SFPLOADMACRO is not supported in the SFPU. Set TT_METAL_DISABLE_SFPLOADMACRO=1 to disable its usage.
Multichip support is in early stages and testing is incomplete. Use the mcraighead/mc-p300 branch of
tt-metal for the (not yet merged) software changes required to interface with the wh_x2, wh_x8,
wh_x32, bh_x2, and bh_x32 simulator builds. Set the TT_METAL_MOCK_CLUSTER_DESC_PATH environment
variable to point to a valid cluster .yaml (e.g.
tt_metal/third_party/umd/tests/cluster_descriptor_examples/wormhole_N300.yaml or
tt_metal/third_party/umd/tests/cluster_descriptor_examples/blackhole_P300_both_mmio.yaml)
when running tt-metal tests. An example of a test that has been validated to run on N300, P300, T3000,
WH Galaxy, and BH Galaxy and not only pass but also dispatch work to all chips in both SD and FD mode is
tests/ttnn/unit_tests/base_functionality/test_multi_device.py::test_multi_device_single_op_binary.
The bh_x32 binary is x86_64 only at present due to aarch64 linker limitations with the extremely large
BSS segment this requires.
Quasar support is in early stages and testing is incomplete. The unit_tests_legacy test listed above was
validated against tt-metal commit ad73db77a3e135d225f9efe333e45ef9810387b0, with #define NOC_API_V2
commented out in tt_metal/hw/inc/internal/tt-2xx/quasar/noc_nonblocking_api.h. Most QSR tests, including
this one, currently require disabling NOC_API_V2.
Not all hardware features are implemented, and the simulator is intentionally more restrictive than silicon to help uncover potential issues. Simulator error messages are grouped into the following categories to indicate whether the simulator or the software being simulated is at fault (see Simulator Error Handling for the full design rationale):
- UndefinedBehavior, UnpredictableValueUsed, NonContractualBehavior: See tt-isa-documentation glossary
- UntestedFunctionality: Feature is implemented but lacks sufficient test coverage to be enabled
- UnimplementedFunctionality: Feature not yet implemented but planned for future support
- UnsupportedFunctionality: Feature unlikely to be implemented without strong justification
- MissingSpecification: Feature requires additional internal specification work before implementation can proceed
- SystemError/ConfigurationError: OS errors or issues with command line options, environment variables, or configuration files
- AssertionFailure: Internal simulator bug
ttsim serves both as a general-purpose pre-silicon AI accelerator simulator and as the official
golden reference implementation of the Tenstorrent ISA contract, designed to a level of rigor that
supports pre-silicon validation in safety-critical and regulated workflows (e.g. ISO 26262, DO-254,
IEC 62304/FDA software-as-medical-device guidance). The public source release, the public/private
binary-equivalence commitment, the strict spec/simulator coupling, and the explicit conformance
taxonomy are all aimed at customers who need evidence, not promises.

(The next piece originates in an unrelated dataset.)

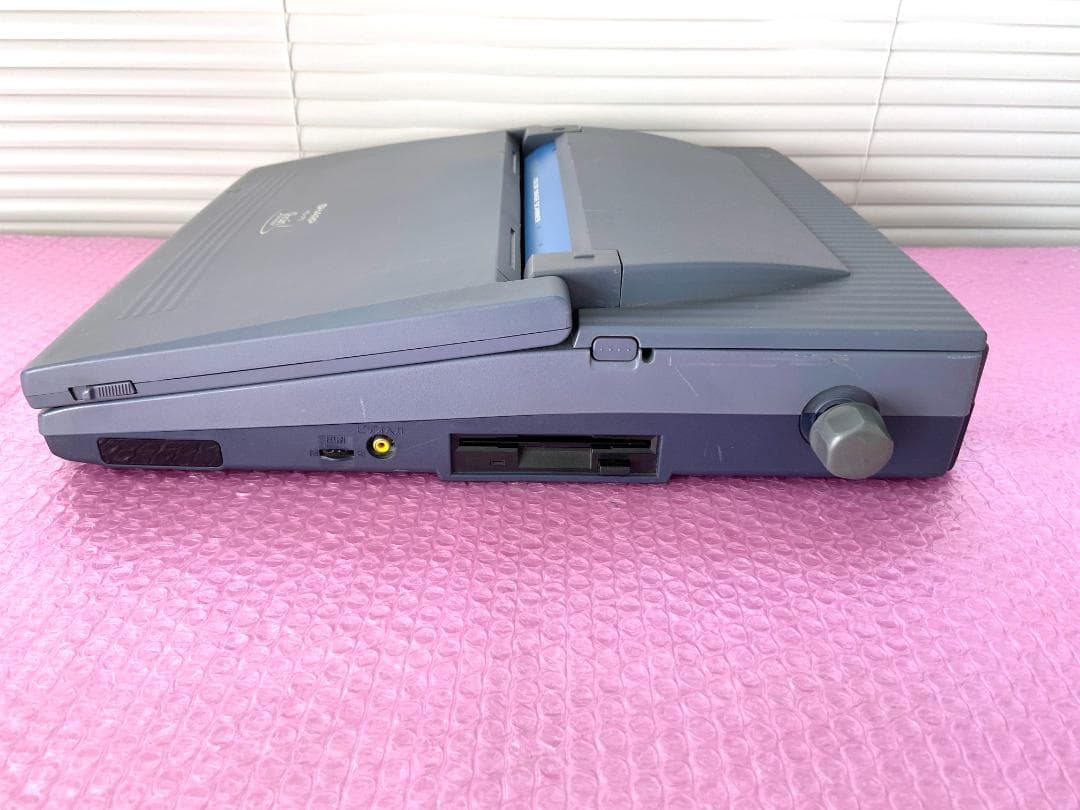 【動作確認済】希少！シャープ ワープロ 書院 WD-VP2 カラー液晶きれい！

Beyond regulated industries specifically, the same discipline underpins the long-horizon
commitments enterprise deployments depend on: software portability and forwards/backwards
compatibility across silicon revisions, clear expectations about output stability for shipped AI
workloads across silicon updates, and defensible root-cause analysis when a customer investigates a
production incident or responds to an external audit. Each of these rests on the architecture being
precise about what is and isn't part of its contract - which is exactly what the
UndefinedBehavior/NonContractualBehavior/UnsupportedFunctionality taxonomy provides, and
exactly what ttsim's strict enforcement protects.
The same discipline also serves academic and educational use of ttsim as a reference platform for
AI-accelerator microarchitecture, where legibility to an outside reader overlaps heavily with what
safety auditors need.
ttsim is designed to provide bit-exact numerical results relative to silicon for all
computations, floating point and otherwise. The goal is to match all hardware computations
bit-for-bit across all instructions, opcodes, functional units, and special cases, including
the precise bit representation of NaNs produced by operations. While bugs are inevitable, since
testing can never be fully exhaustive, all known operations and code paths are verified and
believed to be fully bit-accurate in the Wormhole and Blackhole simulators.

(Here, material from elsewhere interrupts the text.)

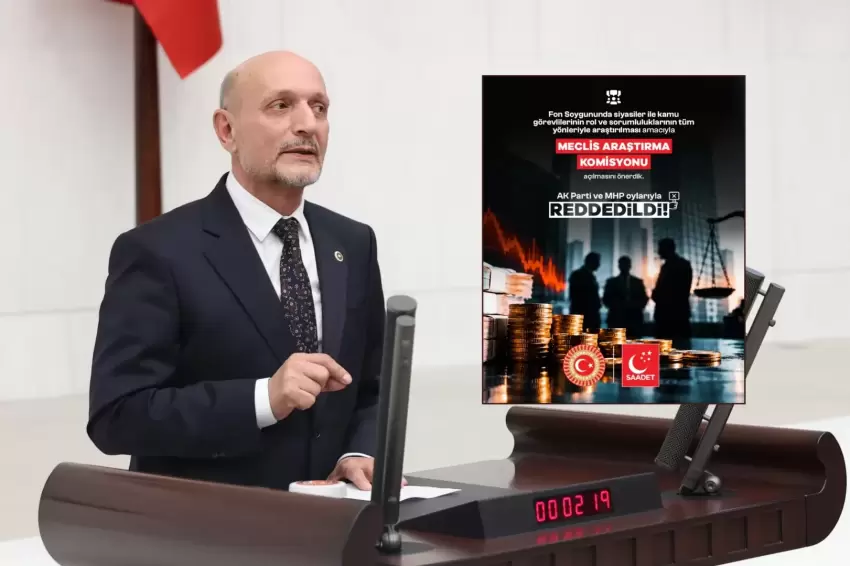 Fon krizi için Yeni Yolun Araştırma Komisyonu önergesi reddedildi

Most code will achieve bit-exact results, but cases that can produce divergent results include:
- Computations with timing-dependent variation in operand order.
- Reads from hardware entropy sources or random number generators.
- Reads from performance counters, cycle counters, or timers.
- Missing synchronization, cache flushes, or memory fences.
- Execution of UndefinedBehavior or UnpredictableValue cases.
- Any other violations of ISA specification requirements.
For timing-dependent computations, ttsim may evaluate operations in any order permitted by
software synchronization. This may include operation orders that are extremely unlikely on silicon.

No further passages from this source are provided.